‘Efficiënt samenstellen is een kwestie van je gezonde verstand gebruiken. Niet klakkeloos werkprogramma’s doorploegen en vragen beantwoorden die voor de ondernemer niet van toepassing zijn. Dat klinkt logisch maar dat is het allerminst.’ Dat stelt John Weerdenburg, werkzaam bij Auxilium adviesgroep. ‘Zeker kleine kantoren moeten meer afgaan op hun gevoel in plaats van zich blind te staren op werkprogramma’s.’
John Weerdenburg is een nuchter persoon en doet niet mee met de ‘hype’ over efficiënt samenstellen die toetsers maar ook sommige ICT-leveranciers aanjagen. Maar wat is die hype eigenlijk? Weerdenburg: ‘Veel werkprogramma’s zijn vaak gericht op risicogericht samenstellen. Zo werkt dat in het MKB niet. Een werkprogramma heeft meerdere functies: als verantwoordingstool voor het werk dat de accountant heeft gedaan en een geheugensteuntje voor assistenten of ze alles wel hebben gedaan in het vervaardigingsproces. Kleine kantoren maken de jaarrekening vaak op gevoel omdat ze de klant kennen. Ze hebben de administratie gedaan, ze werken de kolommenbalans uit, hangen deze in een rapportgenerator als Unit4 Audition en kijken of de teksten goed staan. Dan is de jaarrekening klaar. Maar dan moet nog het werkprogramma worden ingevuld. De accountant vult in het werkprogramma een materialiteitsberekening in waar vervolgens helemaal niets mee wordt gedaan.’
Kunt u dat uitleggen? ‘De definitie van materialiteit: als het weglaten van de correctie of toelichting een ander beeld geeft bij de gebruiker van de jaarrekening van de onderneming, dan is het materieel. Er zijn veel jaarrekeningen die uitsluitend worden gemaakt voor de Belastingdienst en de klant zelf. Er zijn dus geen derden die informatie uit de jaarrekening ontlenen. De Belastingdienst wil de jaarrekening op de euro nauwkeurig. Wat heb je dan aan materialiteit? Niets, dus je hoeft die dan ook niet uit te rekenen. Accountants die desondanks toch de materialiteitsberekeningen voor dit soort bedrijven uitrekenen, schieten met een kanon op een mug.’

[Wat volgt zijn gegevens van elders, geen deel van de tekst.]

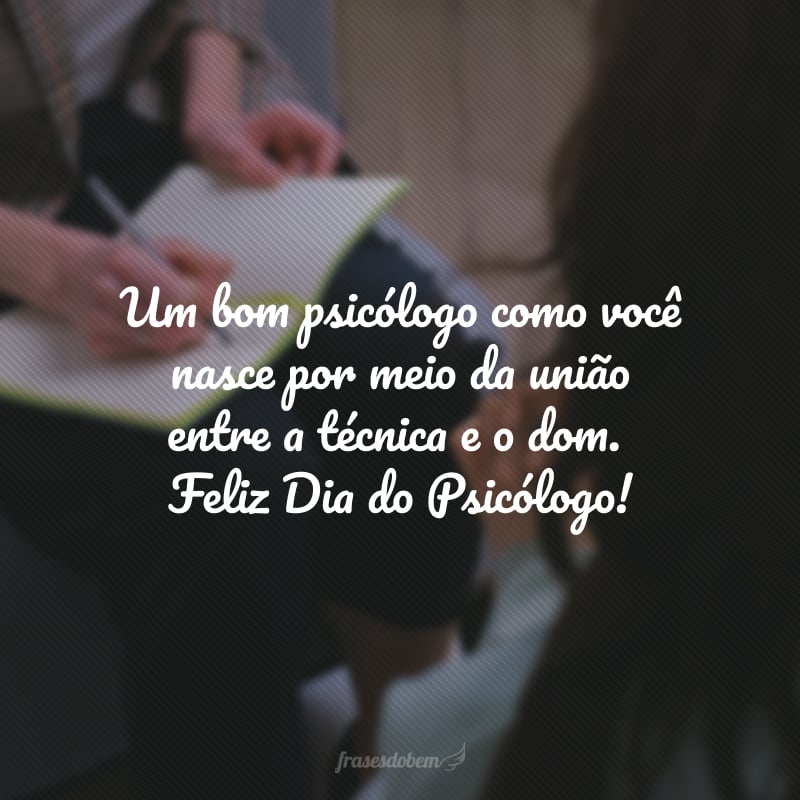 Um bom psicólogo como você nasce por meio da união entre a técnica e o dom.  Feliz Dia do Psicólogo!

Het werkprogramma van Auxilium, dat ook voor Unit4 Auditor beschikbaar is (ook voor kantoren die niet bij Auxilium zijn aangesloten), voldoet aan de behoefte van kleine kantoren. ‘Als de rollen: beginnend assistent, relatiebeheerder en accountant goed zijn ingericht in Unit4 Auditor, dan kan de relatiebeheerder tegen de beginnend assistent zeggen: als jij de vragen over debiteuren, BTW afwikkelt, dan zie je dat die sturing geven om binnen de begroting te blijven. Sommige andere werkprogramma’s stellen: geef een initiële cijferbeoordeling, bereken de materialiteit, richt daar je werkzaamheden op, kijk wat de risico’s zijn en dan ben je klaar. Zo werkt dat niet in de praktijk. Ik was laatst bij een accountantskantoor waar een assistent een materialiteit van 3000 euro had uitgerekend. Vol verbazing zag ik uitsluitend correctieboekingen onder de 3000 euro. Waarom zit je dat nu te doen? Dat heeft geen enkel nut!’

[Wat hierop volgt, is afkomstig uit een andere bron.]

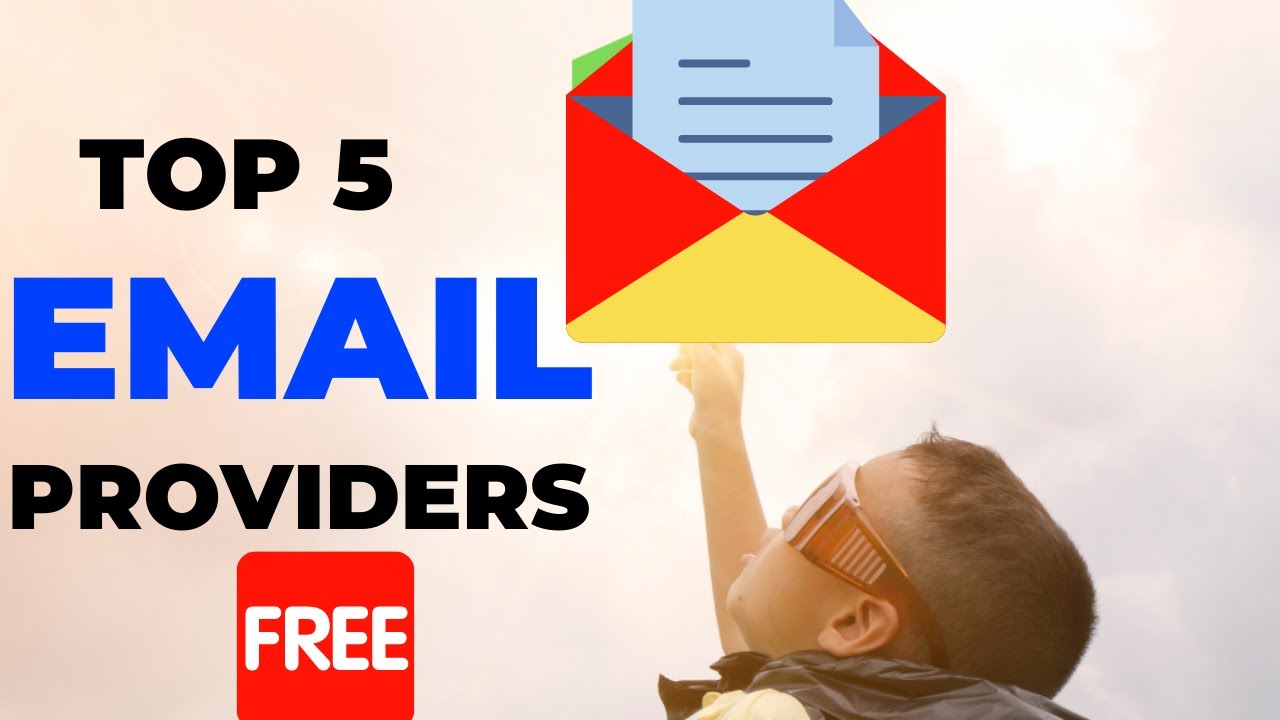 5 Best Free Email Account and Service Providers in 2021 [FASTEST & MOST SECURED]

Nadenken over samenstelproces Waarom deze inefficiënte manier er toch zo is ingeslopen, ligt volgens Weerdenburg onder meer aan het feit dat kantoren eerst software en content voor werkprogramma’s aanschaffen, in plaats van te voren na te denken over het samenstelproces. Weerdenburg illustreert: ‘Een accountant klopt bij zijn softwareleverancier aan en vraagt: welk werkprogramma moet ik gebruiken? Hij krijgt dan vaak als antwoord: bij welke vakvereniging bent u aangesloten? Dan kunt u het de content van de vakvereniging gebruiken. Er wordt niet gevraagd: hoe lopen de samenstelprocessen op uw kantoor en welke content past daar het beste bij.’
Het complete proces van het samenstellen van een jaarrekening bestaat volgens Weerdenburg uit drie stappen:
1. het voeren van de financiële administratie,
2. het corrigeren/aanvullen van deze administratie tot een acceptabele saldibalans,
3. het samenstellen van de jaarrekening,
Kleinere kantoren voegen stap 2 en 3 samen tot samenstelwerkzaamheden. Grotere kantoren splitsen de stappen 1, 2 en 3 uit. Als een accountantskantoor alleen stap 3 neemt, dan past daar een bepaald werkprogramma bij. John Weerdenburg: ‘Bij stap 2 en 3 schiet dat werkprogramma echter zijn doel voorbij omdat ze onder de materialiteitsgrens vallen. Als dit jouw proces is, dan moet je niet met materialiteit gaan werken.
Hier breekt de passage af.